Menurut saya, bagi khalayak, magnet buku terletak pada esai-esai singkat ini. Bisa dikatakan bahwa tiap esai tersebut menyentuh kita sebagai puisi. Tetapi rangkaian tulisan panjang Goenawan Mohamad tak kurang memukau. Di situ, selain konsistensi kehadiran daya diksi dan loncatan-loncatan alusinya sebagai penulis andal, panjang tulisan lebih memungkinkan GM menyampaikan narasi atau analisis dengan pengerahan rasa-rasio penuh, erudisi, referensi cerdas multi-bahasa, dan, terutama di Bagian III, tebaran bait-bait puisi indah.

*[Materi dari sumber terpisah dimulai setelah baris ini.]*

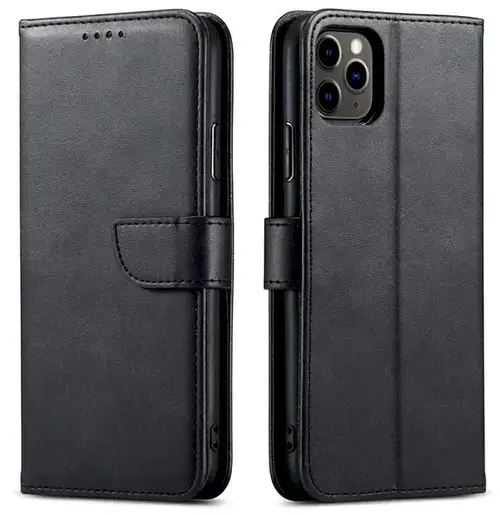 Husa pentru Oppo A40M / A40 / A3 4G, OEM, Marva Wallet, Neagra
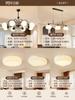 Lámpara de araña vintage estilo francés para sala de estar, nuevo modelo 2026, luz principal minimalista de mediados de siglo 'Magic Bean' negro, iluminación de alta gama para dormitorio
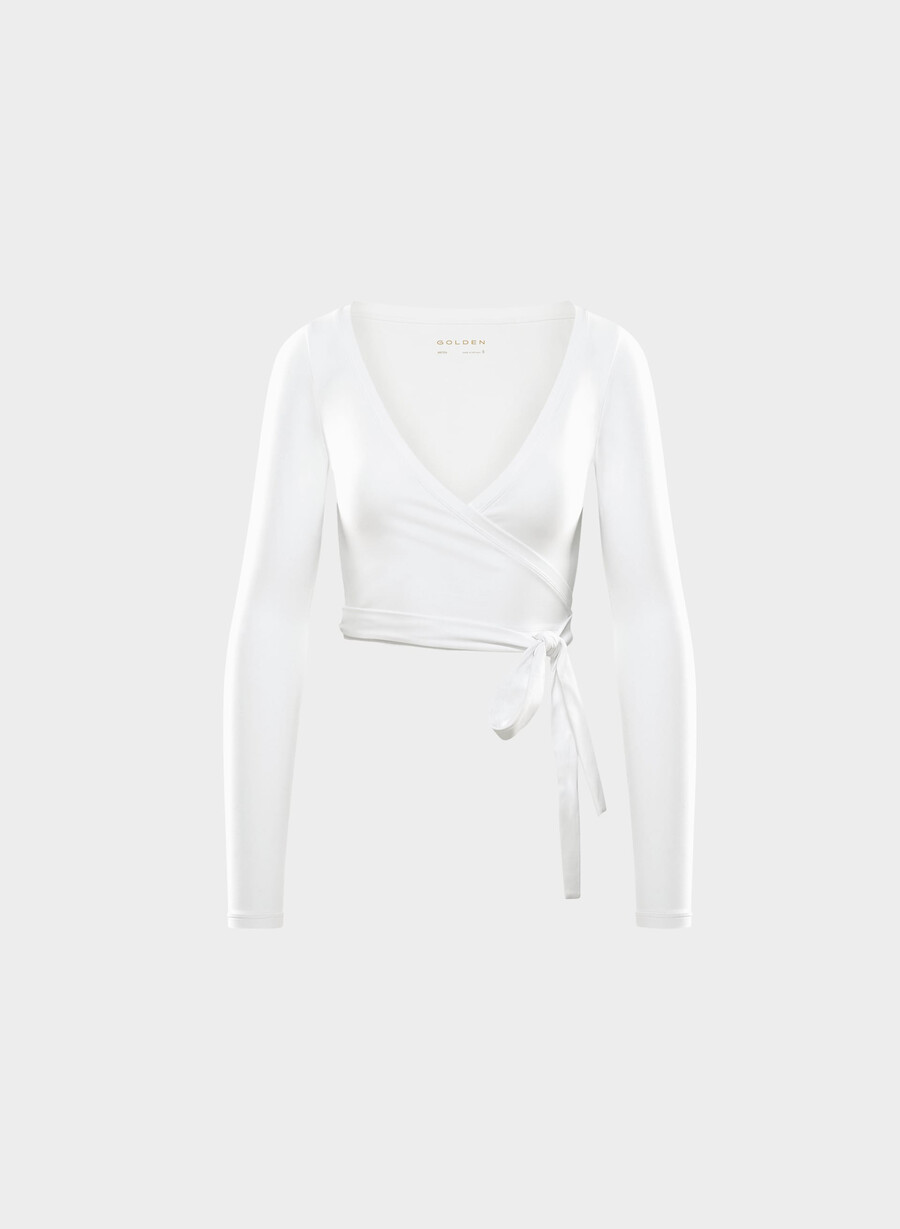butter focal wickel-langarmshirt strahlend weiß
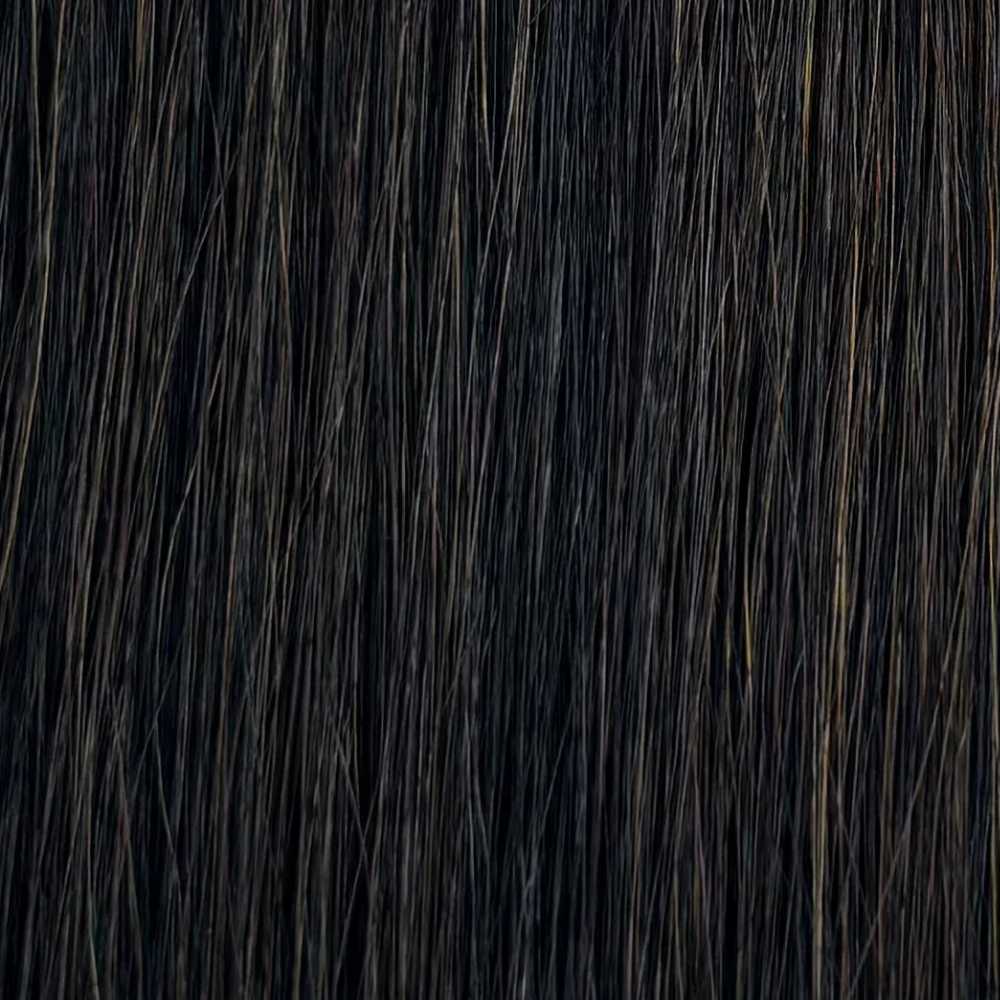 Amazing Hair 20-inch 2-Clip Remy Human Hairpiece in Natural Black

Sayang, dalam keterbatasan ruang, kita mustahil mengulas buku sebernas dan setebal 373 halaman ini dengan penghormatan merata kepada segenap tokoh sesuai dengan penghormatan GM kepada mereka semua. Apalagi jika tetap diperlukan kritisisme atau pembacaan alternatif (betapa terbatas pun prospeknya vis-a-vis karya-karya seorang GM), di mana sejumput renarasi perlu, betapa pucat pun renarasi itu ketimbang aslinya. Sebab hanya dengan kritisisme atau pembacaan alternatif, suatu ulasan bisa berharkat ke tiga arah: ke penulis, ke pengulas, dan ke pembaca.
Atas constraint di atas, saya terpaksa lebih fokus pada bagian "Tokoh Bangsa", itu pun tidak semuanya. Pada bagian ini saya silakan pembaca menghirup sendiri pathos pada sosok Tan Malaka. Juga empati ekstra GM pada sosok Bung Hatta. Mengingatkan kita ke judul novel Gabriel Garcia Marquez, One Hundred Years of Solitude, Goenawan Mohamad menukilkan kalimat berikut, "Bung Hatta, kau bukanlah 100 tahun kesendirian. Percakapan antara kita, sebuah dialog dengan masa silam, adalah percakapan yang tak terhingga".
Pada Bagian II, saya ajak pembaca menyimak sendiri esai "Memilih Alternatif Kemajuan Indonesia" dari perspektif perkembangan pemikiran Soedjatmoko dan esai orisinal perihal praktek wacana orisinal “Heteropia untuk Mister Rigen”. Juga kedua esai singkat sarat pathos, "Jip (Mengenang Romo Mangunwijaya)" dan "Yang Akrab dengan Yang Murni: Mengenang Arief Budiman (1941-2020)".
Pada Bagian III, saya mengimbau pembaca menghirup sendiri keutuhan tiap buah tarikan arsenal kepenulisan Goenawan Mohamad perihal keenam sosok sastrawan terkemuka Indonesia. Di sini, saya terutama menyukai tiga tulisan, yaitu "STA: Puisi dan Antipuisi", "Lirik, Laut, Lupa: Tentang Asrul Sani", dan "Dimulai dengan Subyek: Sebuah Catatan tentang Pramoedya Ananta Toer". Di antara para sastrawan senior Indonesia, tampaknya Pramlah yang terbanyak mengundang bincang GM. Dan mungkin baru pada untaian kata-kata berikut bincang itu selesai: "Itu agaknya yang menyebabkan kita berbahagia mendapatkan seorang Pramoedya Ananta Toer—seperti kita menemukan satu sumber energi yang autentik". Tetapi pada keenam-enam tulisan panjang itu sama-sama terdedahkan keelokan narasi, kearifan analisis, serta kekukuhan otoritas Sang Penyair ++. Di sinilah berlaku bulat pembuktian forte seorang Goenawan Mohamad.